Japan’s Mitsubishi Heavy Industries (MHI), which has been trying in recent years to play a bigger role in the commercial launch market, hopes to become more competitive with a new launch vehicle of its own. MHI plans to phase out its existing H-2A rocket by the early 2020s, having replaced it with the new, and less expensive, H-3 around 2020. MHI vice president Ko Ogasawara said at the panel that the company hopes to do three or four commercial launches a year starting in 2022.

Such discussions, as they do nearly every year at this conference, raise the question of how many launch providers the commercial satellite industry can support. Demand for GEO satellites has not changed significantly despite SpaceX-led reductions in launch costs, with about 25 or so such satellites ordered every year.

One difference is the surge in interest in LEO satellite constellations, like OneWeb, which plans to launch more than 600 satellites primarily on Soyuz rockets ordered from Arianespace and Virgin Galactic’s LauncherOne dedicated smallsat launch system. A number of other LEO systems are in various phases of study, but even launch companies are not optimistic about them contributing to a sustained increase in launch demand.

“There’s not room for too many of those,” said SpaceX’s Shotwell of LEO constellations. “You do need to be very cautious about that particular market. First of all, at this point it’s speculative still.” SpaceX, ironically, is studying its own LEO satellite constellation; Shotwell said it’s still in the “technology development phase” to see if it’s feasible.

Asked about oversupply in the launch market, Shotwell did not sound concerned. “It tends to play out the way it needs to play out,” she said. “I don’t think more than three providers in any vehicle class makes a lot of sense.” For that launch panel, there were four providers on stage.

ILS’s Pysher concurred. “History has demonstrated that three launch services providers is probably the sweet spot,” he said. There may be room, though, he said for “niche providers” that can fill a special need for customers that major launch providers, for whatever reason, cannot.

That’s the hope of Lockheed Martin Commercial Launch Services, which markets the Atlas 5 commercially.
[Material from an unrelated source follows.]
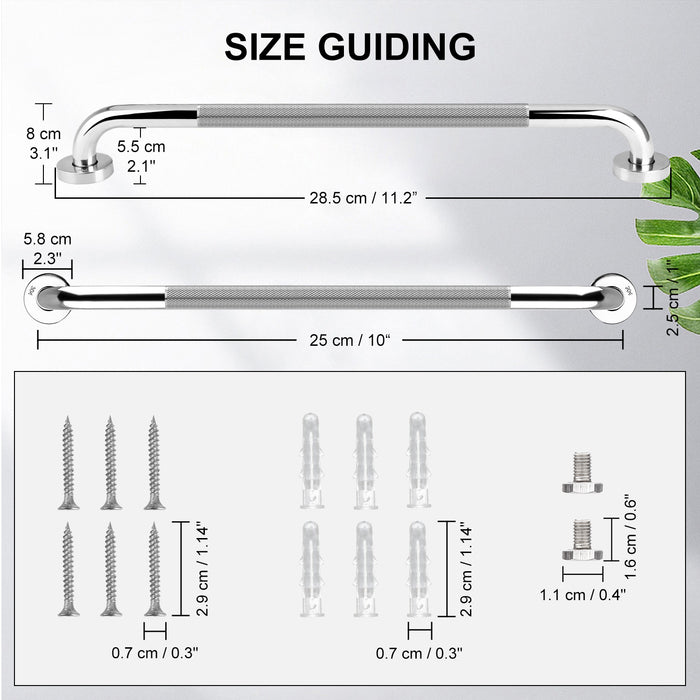 Bathroom Grab Bar 2 Pack Stainless Steel Safety Support Bar for Shower & Toilet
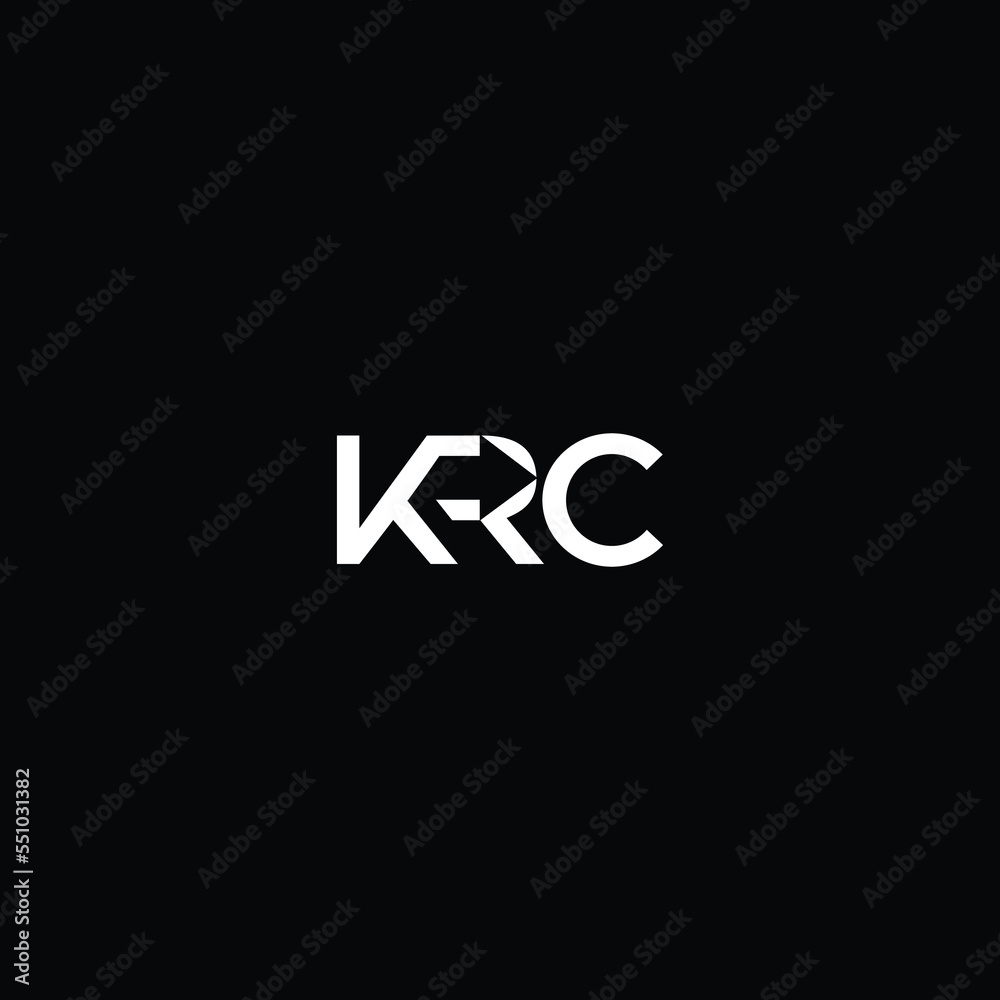 Initial based modern and minimal Logo. KRC letter trendy fonts monogram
In an interview after the Satellite 2016 panel, LMCLS president Steve Skladanek said there is one aspect of the market where people are driven by cost. “There’s also a need for those missions that absolutely cannot fail,” he said. “That is by no means the bulk of the market, but there is still a significant and regular need for a highly dependable, highly accurate, very reliable, very date-certain launch service.”

The Atlas 5, he said, won’t be cost competitive, but can target those customers who are willing to pay a premium for reliability and schedule assurance. In 2016, that includes the launch of the WorldView-4 remote sensing satellite in September and the EchoStar 19 satellite in November. Going forward, he said, “we continue to target one to two launches a year.”

“There’s also a need for those missions that absolutely cannot fail,” LMCLS’s Skladanek said. “That is by no means the bulk of the market, but there is still a significant and regular need for a highly dependable, highly accurate, very reliable, very date-certain launch service.”

Traditionally, the commercial satellite industry has not placed a particular emphasis on cost, since launch is a fraction of the overall cost of a satellite system. That has helped companies like Arianespace, who have demonstrated high reliability—the last Ariane 5 launch failure was in late 2002—while working against SpaceX, which has seen its launch schedules slip and its number of launches each year fall short of goals.

However, some at the conference noted that the commercial satellite industry is changing, with a greater emphasis on reduced costs. “We understand the customers’ needs. They’re being constant under attack by terrestrial systems that are driving them to seek lower-cost launch services,” Pysher said.

SpaceX, with its current launch costs and drive to further reduce them through reusability, is perhaps better positioned than any other commercial launch provider to capture that shift in demand—provided it can carry out its growing backlog of missions successfully, and on schedule.